France Tells Ireland: Increase The Corporate Tax Rate, Or We Won’t Cut Your Bailout Rate

France Tells Ireland: Increase The Corporate Tax Rate, Or We Won’t Cut Your Bailout Rate (Business Insider, June 8, 2011):

France is set to exercise its veto in order to ensure that Ireland does not secure a cut to the interest rate on its EU bailout without first increasing its corporate tax rate.

The news, reported in both the Irish Independent and Irish Examiner this morning, comes on foot of Michael Noonan’s stern declaration yesterday that Ireland would not be “waltzed around” and sacrifice the “heart and soul” of its economic policy.

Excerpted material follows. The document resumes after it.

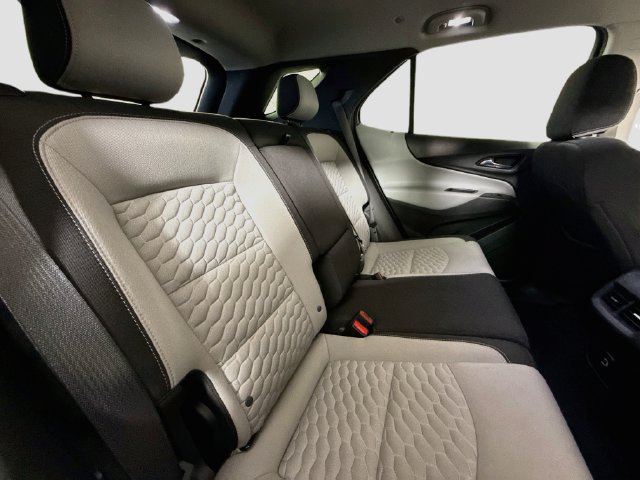 Used 2021 Chevrolet Equinox LS w/ LPO, Blackout Package AWD/4WD image 26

The Rxaminer’s Ann Cahill and Paul O’Brien quote a French source as saying: “The French are digging in. They will use their veto.”

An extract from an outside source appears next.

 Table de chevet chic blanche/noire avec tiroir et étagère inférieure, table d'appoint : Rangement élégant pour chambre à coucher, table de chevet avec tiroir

“To those who are opposing us and trying to force us to change our corporation tax rate, I tell them once more today that they have no negotiating position,” Noonan had told the Dáil yesterday.

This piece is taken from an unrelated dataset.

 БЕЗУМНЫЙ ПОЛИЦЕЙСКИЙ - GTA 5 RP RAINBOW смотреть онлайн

Those statements may, however, be seen as Noonan softening the ground somewhat – as he also said the potential savings of a cut to the 5.83 per cent interest rate currently paid by Ireland had been dramatically overstated.

A reduction to 5.23 per cent would mean an annual saving of €148m, he said, while a cut to 4.83 – a full percentage point lower than the current average rate Ireland pays – would mean savings of around €200m.

The rate could not be cut on loans that had already been drawn down, Noonan clarified, and the amounts of money Ireland would save by sacrificing its corporate tax rate were “so small” compared to the income it might lose by raising corporation tax.

The Independent notes that European economics commissioner Olli Rehn has previously stressed the need for “unanimity” across all member states before Ireland’s rate can be cut.

It remains possible, therefore, that the French decision to play hardball could ultimately mean that Ireland will cut its losses and make do with its current interest rate in order to stave off the risk of seeing major multinationals.

The next meeting of the European Council is set for June 17.